Las Vegas Sun

April 25, 2024

Joe Downtown: ‘Millennial migration’ to Las Vegas predicted

Updated Thursday, March 21, 2013 | 9:20 a.m.

Matt Heller

Matt Heller

Map of The Beat Coffeehouse

The Beat Coffeehouse

520 Fremont Street, Las Vegas

Another day downtown, another interesting character finds his way into The Beat coffeehouse.

But none may have found themselves in as familiar territory as Matt Heller.

See, Heller is considered an expert on millennials, who are also sometimes referred to as the Echo Boom generation or Generation Y. These are young people born sometime from 1980 to 2000. They are distinguished by a need to do something purposeful – or so say blogs, Internet definitions and the like.

Downtown Las Vegas is attractive to millennials.
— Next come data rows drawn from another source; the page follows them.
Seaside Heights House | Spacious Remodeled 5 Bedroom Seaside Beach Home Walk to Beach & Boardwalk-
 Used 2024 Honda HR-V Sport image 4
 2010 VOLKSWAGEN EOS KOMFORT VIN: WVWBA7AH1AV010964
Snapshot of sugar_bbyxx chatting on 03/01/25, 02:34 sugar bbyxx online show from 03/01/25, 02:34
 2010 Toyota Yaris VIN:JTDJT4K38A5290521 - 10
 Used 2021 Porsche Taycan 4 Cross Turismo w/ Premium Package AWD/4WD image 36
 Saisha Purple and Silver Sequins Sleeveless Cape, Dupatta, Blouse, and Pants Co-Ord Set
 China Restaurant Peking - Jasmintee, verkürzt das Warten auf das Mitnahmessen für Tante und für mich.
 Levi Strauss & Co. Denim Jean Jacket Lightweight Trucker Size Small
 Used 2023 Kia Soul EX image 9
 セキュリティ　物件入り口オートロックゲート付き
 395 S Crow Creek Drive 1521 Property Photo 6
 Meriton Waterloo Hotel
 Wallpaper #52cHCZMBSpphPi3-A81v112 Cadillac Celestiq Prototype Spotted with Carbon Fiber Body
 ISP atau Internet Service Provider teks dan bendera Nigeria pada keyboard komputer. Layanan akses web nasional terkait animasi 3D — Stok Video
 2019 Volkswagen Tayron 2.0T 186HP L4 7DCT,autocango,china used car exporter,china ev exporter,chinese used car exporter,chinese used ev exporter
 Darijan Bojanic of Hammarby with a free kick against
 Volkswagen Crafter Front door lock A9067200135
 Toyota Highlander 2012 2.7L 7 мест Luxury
After Zappos CEO Tony Hsieh announced more than two years ago he was moving his headquarters here, an army of young people has taken root downtown via Hsieh’s Downtown Project and numerous relate endeavors. By the end of this year, another 1,300 Zappos employees will be working out of the old City Hall, two blocks from The Beat.

Heller earned his millennial bona fides identifying generational trends for companies and organizations such as Abercrombie & Fitch, Ketel One Vodka, the Museum of Contemporary Art, Los Angeles, Adidas and New Line Cinema. He also has created film and television shows for millennials for networks such as VH1, ABC and Lifetime.

Heller believes that beyond Las Vegas, most people have no inkling about what’s going on in downtown Las Vegas.

But he bets they will. And soon.

“This is going to be the 21st-century watering hole for the millennial migration,” Heller said, sitting at the bar of The Beat.

All the elements he believes millennials are drawn to “are happening right here, right now.”

“There’s a deliberate sense of community at the center of everything that’s happening,” Heller says. “These are digital natives and this is a digital environment. Not only that, but millennials seek a true sense of purpose. For a generation to trade in their cars and keep their computers, downtown Las Vegas promises the opportunity to walk more and still collide with other interesting people.”

Finally, Heller says, “if all goes as planned your neighbors will be the kind of people you would have taken a road trip with to get here – similar enough to carry on long conversations but different enough to keep it interesting when no one likes the song on the radio, not that they listen to radio anymore.”

Heller still lives in Los Angeles but is getting a place in The Ogden, which he describes as a sort of embassy “in an emerging green zone surrounded by a war zone that will become the fertile ground from which a millennial community will emerge and thrive.”

Having spent 15 years identifying millennial trends, Heller says he is in the process of writing a book about a generation he finds intrinsically interesting, especially those in Las Vegas.

“There’s something to be said for an East Coast college grad to cross two mountain ranges to figure out what they really want to do, who they are and grow a life that feels uniquely their own,” he says.

Joe Schoenmann doesn’t just cover downtown, he lives and works there. Schoenmann is Greenspun Media Group’s embedded downtown journalist, working from an office in the Emergency Arts building.